Per sopravvivere politicamente, Sargsyan non può mostrare alcuna debolezza, non può negoziare con concessioni e deve, per contrastare i successi azeri, ben presto segnare una qualche vittoria (militare o politica). Questa settimana, il governo armeno ha approvato e inviato al parlamento una risoluzione che riconosce l’autoproclamata indipendenza del Nagorno Karabakh, una mossa che avrebbe potuto innescare una guerra regionale. In seguito le autorità armene hanno apparentemente fatto marcia indietro, hanno annunciato che la decisione sull’indipendenza era stata rinviata e che sarebbe stata resa esecutiva solo se dovessero riprendere i combattimenti.
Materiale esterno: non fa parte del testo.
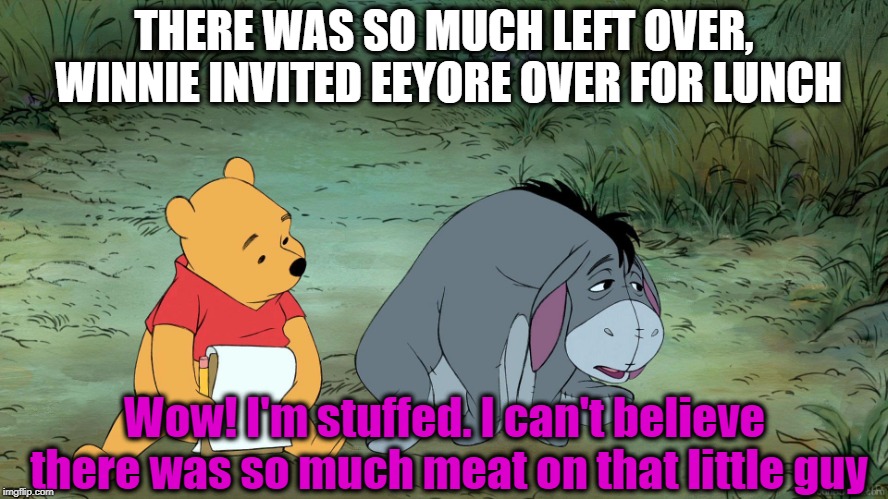 THERE WAS SO MUCH LEFT OVER, WINNIE INVITED EEYORE OVER FOR LUNCH Wow! I'm stuffed. I can't believe there was so much meat on that little gu | made w/ Imgflip meme maker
Mentre i negoziati sono ad un punto morto e l’influenza dei poteri esterni è limitata, la tentazione d’usare la forza sembra dominare entrambe le parti: il proclamato tentativo di Mosca di bilanciare Baku e Yerevan sta vacillando e non si vede nessun risultato positivo. C’è in bilico una guerra regionale totale, la quale potrebbe trascinare nel vortice sia la Russia che la Turchia, che sono già ai ferri corti in Siria. Nel frattempo, sia Mosca che Washington sono già profondamente coinvolti in numerosi conflitti acuti in tutto il mondo. Così, la capacità di Lavrov e il suo omologo statunitense, John Kerry, di gestire in modo efficace tutto gli scontri che si presentano, può essere semplicemente tesa ancora di più.